Policing communities: How the SAPS is failing to uphold LGBTI rights

From as early as 1995, the SAPS forbade employment discrimination in its ranks on the grounds of sexual orientation. (Joel Thungren, M&G)

From as early as 1995, the SAPS forbade employment discrimination in its ranks on the grounds of sexual orientation. (Joel Thungren, M&G)

On the global stage, South Africa continues to reap praise from activists who hail its commitment to LGBTI communities. But inside the country, the South African Police Service (SAPS) is perpetuating discrimination against gay and lesbian communities. It is particularly those who are black who continue to fear the police.

On a Thursday afternoon in November, Akhona Mdletshe (22) walked into the Pretoria Central SAPS station to certify copies of her university results. She showed a police officer her ID, but her documents were not stamped.

“The police officer told me I look like a girl in my ID, but like a boy in person,” Mdletshe, who was a digital marketing student at Vega, said.

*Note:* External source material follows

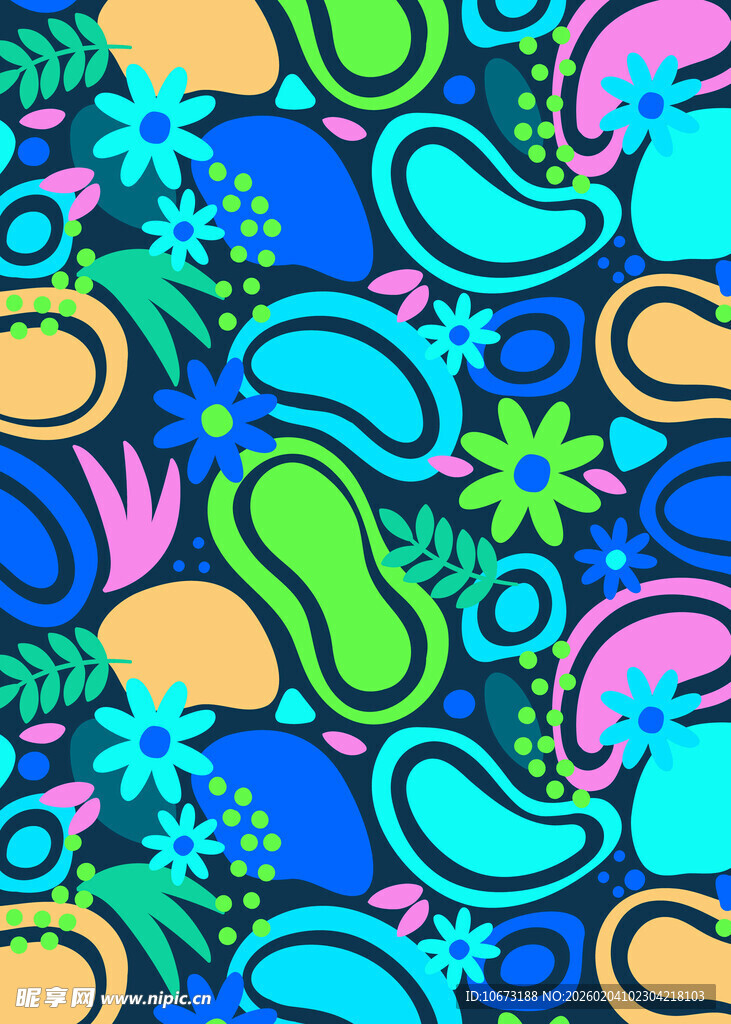 多彩佩斯利花纹图案背景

She was  younger and less confident in her ID photo. In the years between then and now, she identified as lesbian and came out. 

“As much as I have changed, you can see that I’m still female. My physical features are still very much female. The only difference is that I’m now a cross-dresser and my hair is shorter than it was,” Mdletshe said.

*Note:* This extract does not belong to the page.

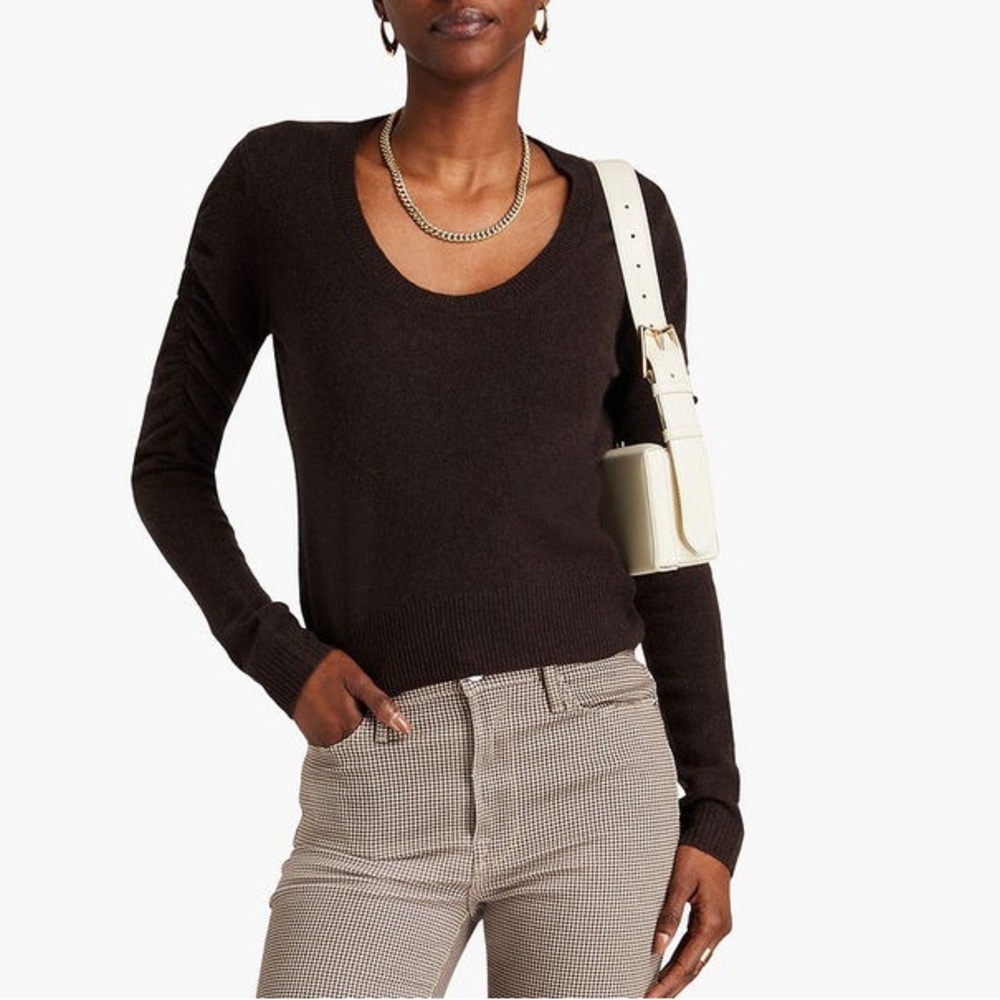 Frame Denim Ruched Long Sleeve Cashmere Scoop Neck Sweater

She said the police officers assumed her sexuality because of how she looked. While she stood in front of them, the first officer showed her ID to his colleagues and they laughed.

“There were people there watching,” Mdletshe said. “For the first time, I felt very much assaulted. Usually, I ignore these things. I’ve heard stories, but now it was me in that situation and I felt unfairly treated.”

She was told to get help “somewhere else”, so she jumped on a train to Johannesburg, and got her documents certified at a more helpful police station. It took her a total of six hours to get a police stamp on her results and get back Pretoria.

A country praised by activists
South Africa’s protection of LGBTI rights has been praised by activists across the globe. Steven Anderson, the “pastor of hate”, was denied entry into South Africa because he promotes social violence against the LGBTI community, while recently the government voted at the United Nations that the work of a pro-LGBTI expert to monitor LGBTI hate crimes should continue.

The department of justice and constitutional development has also established the National LGBTI Task Team (NTT) “to address human rights concerns and violations amongst LGBTI persons”.

But problems remain. It’s difficult to pinpoint how widespread homophobic sentiment is in the SAPS because of a lack of data, but the fight to better educate the police service has been ongoing for years.

“Research done in 2006 and featured in one of our information booklets stated that many LGBTI people feared going to the police as victims because of secondary victimisation,” Matthew Clayton, a research and policy manager at the Triangle Project advocacy group, told the Mail & Guardian

“So while we don’t know how homophobic the police are, we have a decent understanding of how they are perceived by the LGBTI communities.” 

‘Isile imoffie’
While Mdletshe was busy at the Pretoria police station, Sandiso Ngubane (29) was still recovering from his experience with police officers from Sea Point SAPS earlier that day.

Ngubane had lost his iPhone in a Cape Town club, but he found the cellphone through the Find My iPhone locator when he arrived home at Sea Point. When the police arrived, they told him to visit Goodwood police station for help, because his phone was in that suburb.

He murmured that the police had wasted his time and a police officer came towards him. Feeling threatened, Ngubane locked himself behind his security gate. 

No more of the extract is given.